ACTIVITY:
Without the pictures, reproduce the entries below exactly.

INPUT:
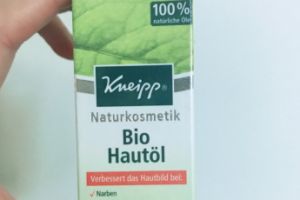 精油怎么使用？kneipp再生平复精油好用嘛？-1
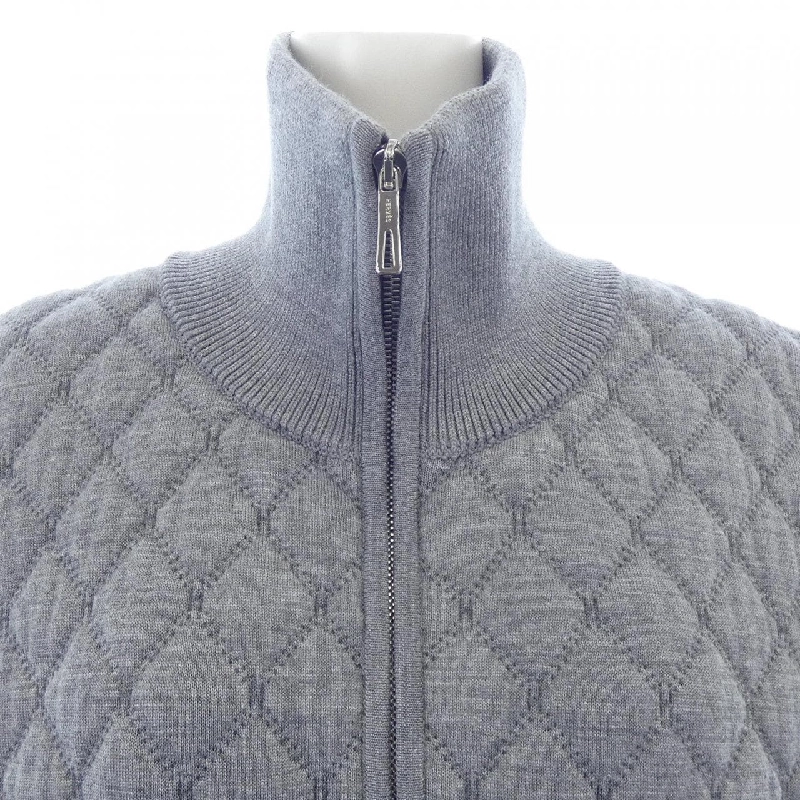 Áo gile HERMES - Hàng hiệu Authentic 639421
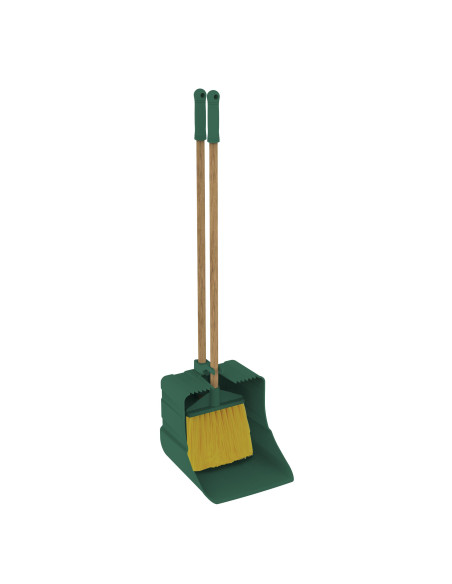 UTP212 INDUSTRIAL DUSTPAN & BRUSH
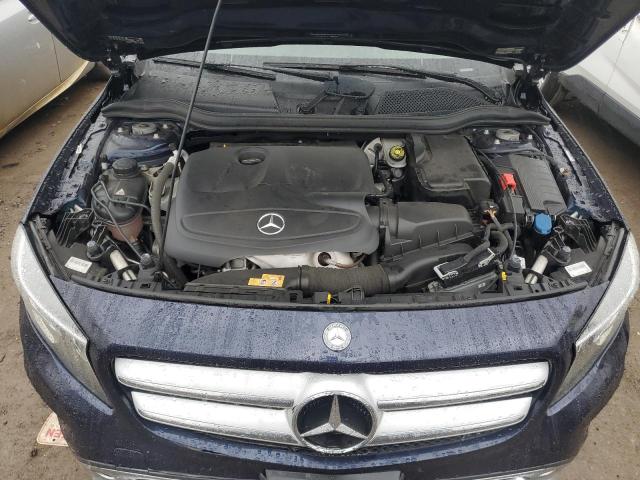 Photo 10 VIN: WDCTG4GB2HJ342962 - MERCEDES-BENZ GLA 250 4M 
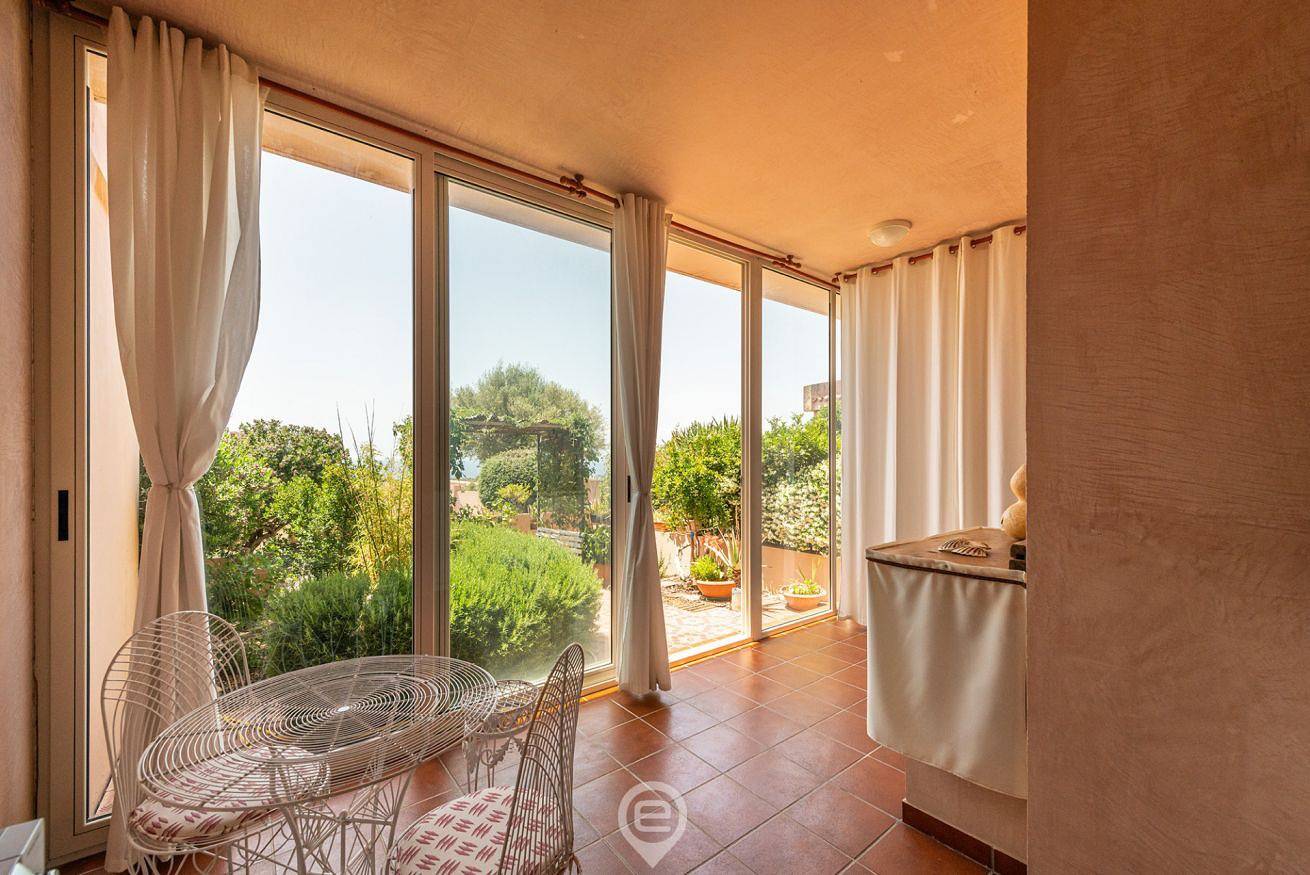 Ganze Wohnung, Rosemary Apartment in Capitana, Cagliari Provinz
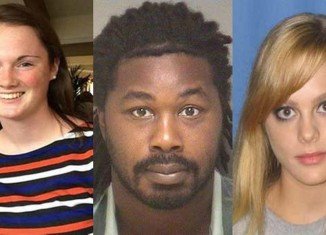 The arrest of Jesse Matthew, accused of abducting Hannah Graham, has led to forensic evidence related to Morgan Harrington's murder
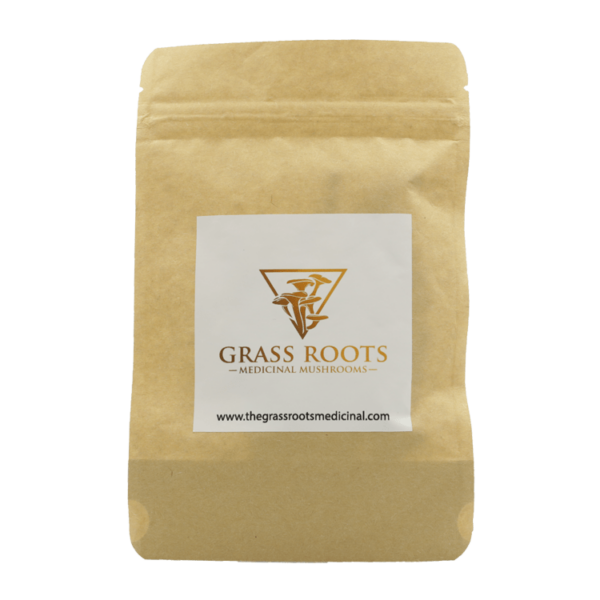 Roots – Medicinal Mushrooms – Microdose Capsules | Cheapweed.io Canada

ANSWER FOR THIS EXERCISE:
 精油怎么使用？kneipp再生平复精油好用嘛？-1
 Áo gile HERMES - Hàng hiệu Authentic 639421
 UTP212 INDUSTRIAL DUSTPAN & BRUSH
 Photo 10 VIN: WDCTG4GB2HJ342962 - MERCEDES-BENZ GLA 250 4M 
 Ganze Wohnung, Rosemary Apartment in Capitana, Cagliari Provinz
 The arrest of Jesse Matthew, accused of abducting Hannah Graham, has led to forensic evidence related to Morgan Harrington's murder
 Roots – Medicinal Mushrooms – Microdose Capsules | Cheapweed.io Canada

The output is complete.